None of this is the issue; speed of light stays constant, as does distance measurements. What changes is the understanding of the stability of a photon of light in a vacuum and the effect of this instability on travel time while passing near a gravitational well.
So while it's a photon of light, it travels light speed. When the energy converts to kinetic energy for a breather, it is affected by the gravitational pull, in a manner significantly stronger than a neutrino is affected. When it then flops back to being a photon, it is once again traveling at the speed of light.
What intrigues me about this is that this will also have implications regarding relativity, as every time the light flips state, it is essentially anchoring itself to a location in space from which the next photon flop can take its bearing. My mind can't quite grasp the further implications of this right now, but it could really mess with observation of light from a moving point (which all points are).

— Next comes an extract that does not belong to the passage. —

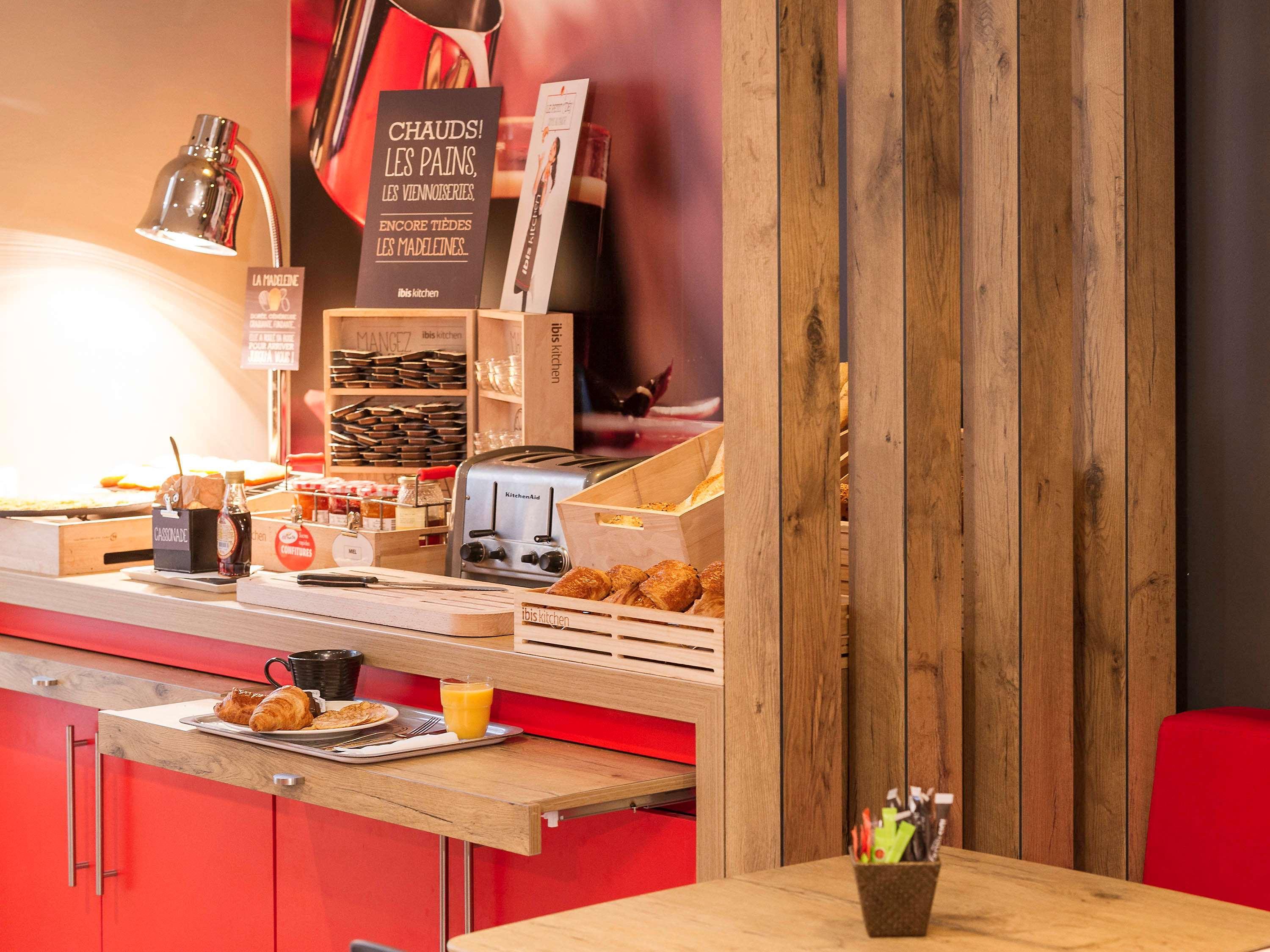 Ibis Paris Vaugirard Porte De Versailles Kültér fotó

The recalibration is mostly on how we project distances based on light measurements; it's now become significantly trickier, as we need to account for gravity at specific moments.
Gravity affects energy, not mass. Regardless the photon travels as a light or as a pair of virtual electron and positron, the gravity effect is the same. Why otherwise do we have gravitational lenses. I don't really know what this article is all about; gravity and quantum theory don't quite mesh well, it is well known. This sort of result, even assuming it is conceptually and mathematically solid, which is a far stretch, is a poke in the sky.

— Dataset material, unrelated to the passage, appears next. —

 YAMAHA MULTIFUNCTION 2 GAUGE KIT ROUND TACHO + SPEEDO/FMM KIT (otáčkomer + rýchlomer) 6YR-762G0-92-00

When light travels through a medium containing matter it will be absorbed and "stored", for some time, in the exited states of the atoms before it is emitted again. This can account for the "slowing" down effect, which again means that the photon you measure with your photon detector wasn't actually slowed down, it simply not the same photon that was emitted from your photon source.
THIS
This is the source of all troubles in the world - bringing in improper analogies and building "theories" upon them. Let's begin with that the photon is not a particle flying through space, it is a probability wave. Particles do not fly, the probability wave propagates. Likewise, light remains a wave in medium, and it is that wave that is slowed due to interference with the charges in atoms.
Try to explain with your little analogy the greater speed of light in some meta-materials; what, the atoms emit photon before they absorb it?
Some times it is just better to accept that your thinking platform needs a change than try to continue squeezing the world into a completely inadequate concept-box.